Cubs will have to keep waiting on Seiya Suzuki’s return

(Photo by Nuccio DiNuzzo/Getty Images)
(Photo by Nuccio DiNuzzo/Getty Images) /

As if watching the Cubs serve as cannon fodder for the Yankees all weekend wasn’t enough of a kick in the teeth, instead of Seiya Suzuki making his return to the diamond from a finger injury, the outfielder was shut down for another five days as he waits for continued swelling to subside.

Cubs president of baseball operations told the media on Saturday it would be ‘a while’ before we see Suzuki back in action, so that five-day shutdown is really just an initial timeline before the club will re-evaluate his status.

"“Candidly, I’m OK with that because this year it’s really important for him to assimilate, to face big-league pitching and figure out what he needs to do going forward in his career,” Hoyer told the Chicago Tribune. “And coming back and and sort of having this nagging injury and not really be able to do it well, it doesn’t make a lot of sense. He needs to come back when he can really compete at this level, and it’s hard to do that when you have a finger swelling up all the time.”"

Suzuki started his big league career on a torrid pace, winning National League Rookie of the Month honors in April after batting .279/.405/.529. From there, though, he cooled dramatically, as the league adjusted its plan of attack against him. His May OPS plummeted by more than 300 points over the month prior, but we never got to see Suzuki try and counter because of the finger injury.

It’s hardly been the rookie campaign we were all hoping for after that hot start, but there’s still time for Suzuki to take critical steps in his development in 2022. He’s been sidelined since May 26 – and if looks like he could very well end up missing close to a month or more before it’s all said and done.
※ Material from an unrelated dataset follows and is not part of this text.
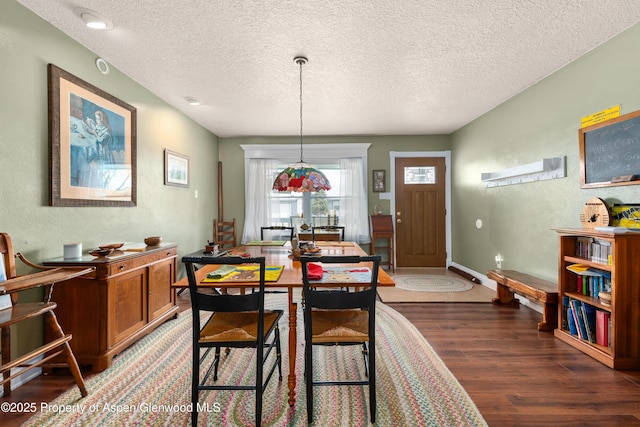 dining area featuring wood finished floors, a textured ceiling, a textured wall, and baseboards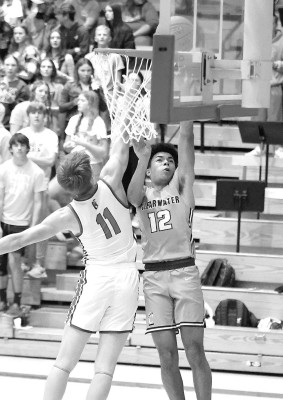 Brayden Bergkamp of Clearwater puts up a first-half shot as Cheney’s Colton Summerer defends him during last Friday’s season-opening games for both teams. A strong second quarter helped the Cardinals defeat the Indians. Stephanie McKennon/TSnews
Cubs won’t risk Seiya Suzuki’s long-term potential in a lost campaign

But that still leaves three months of baseball – and, like Hoyer said, it’s more important that Suzuki is at 100 percent. Too many times in recent years, we’ve watched guys try and play through nagging injuries. It rarely, if ever, ends well for anyone involved. The player underperforms, fans get frustrated – it’s all bad.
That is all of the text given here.